The adrenaline that had kept her upright started to fade, replaced by exhaustion. She sat back against the headboard, the weight of the last few days pressing down all at once.
Her phone vibrated again.
A text from Tony this time.
Vivian says great work today. She’s impressed.
Carlene smiled faintly. She didn’t care about Vivian’s approval. What she wanted was for this to be over, for the story to shift back to where it belonged, on the music.
Her gaze drifted toward her phone again. She wanted to text Jami to tell him she’d pulled another thread in the web Reed & Carr had spun. To hear him say something simple and warm that would ease the edge of her loneliness.
Instead, she opened her notebook and jotted down every detail of the email, the server, and the timestamp. Work first. Always work first.
Still, her mind wouldn’t stay quiet. She thought about the way he’d looked at her that morning, steady and concerned, his voice softer than it should’ve been when he told her she didn’t have to do this alone.

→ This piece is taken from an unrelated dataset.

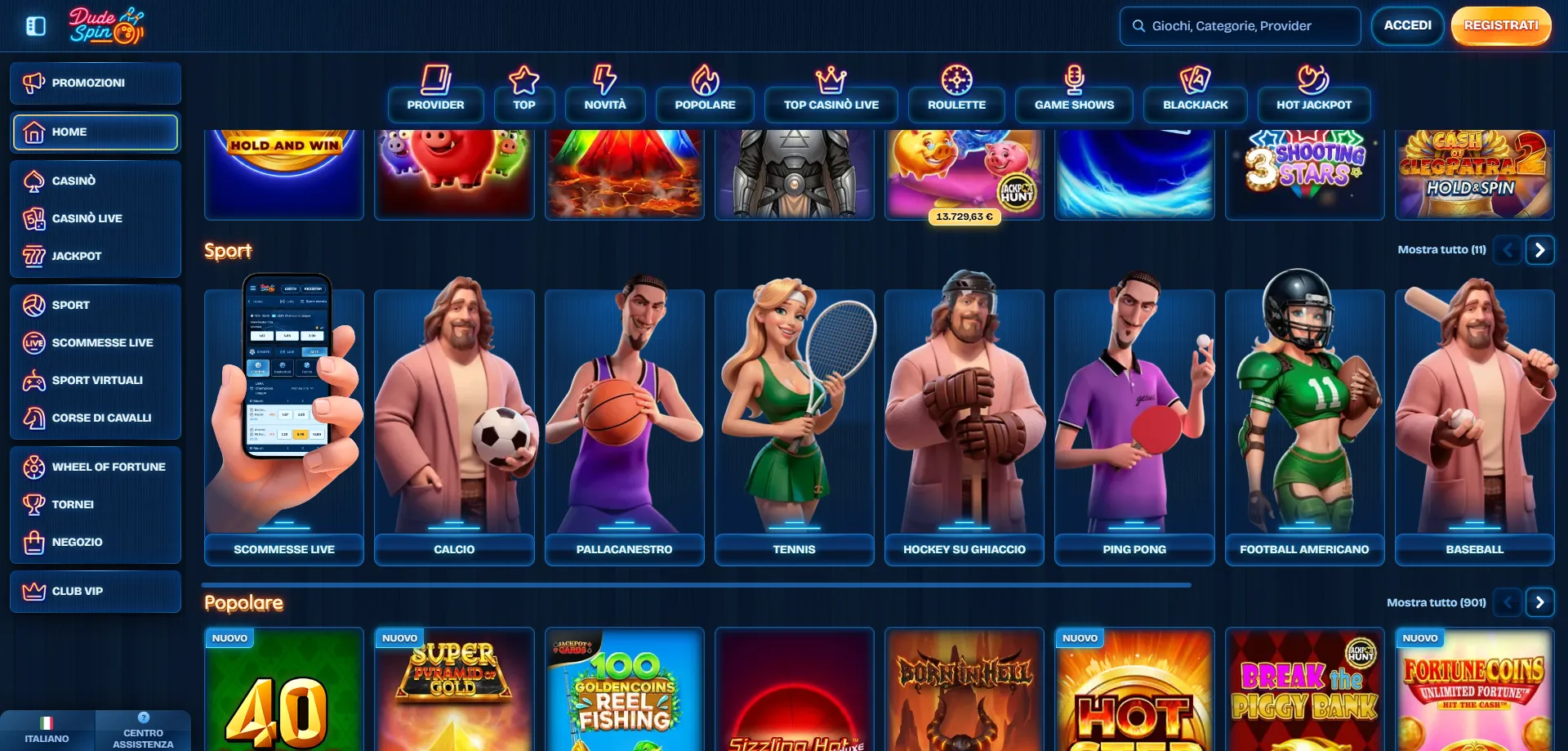 Dudespin Casino VPN e accesso alternativo per scommesse sportive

The words had stayed with her.
She closed her eyes for a moment. The sounds of traffic outside came faintly through the cracked window, the rhythm slow and familiar. For the first time since she’d left Miami, she let herself wonder what it would be like to stop running on adrenaline and actually let someone in.
Her phone buzzed one last time.
Jami:
Goodnight, Carlene. Don’t forget to breathe.
She smiled, small and tired, and whispered into the quiet,
“You too.”
Then she turned off the light, slid under the blanket, and let herself drift. Sleep came easier this time. But somewhere between awake and dreaming, she saw his face again, the softness in his eyes, and the truth she’d been trying to deny finally settled deep inside her.
She wasn’t just fighting to protect the band anymore.
She was fighting to protect the man who’d somehow stolen her heart.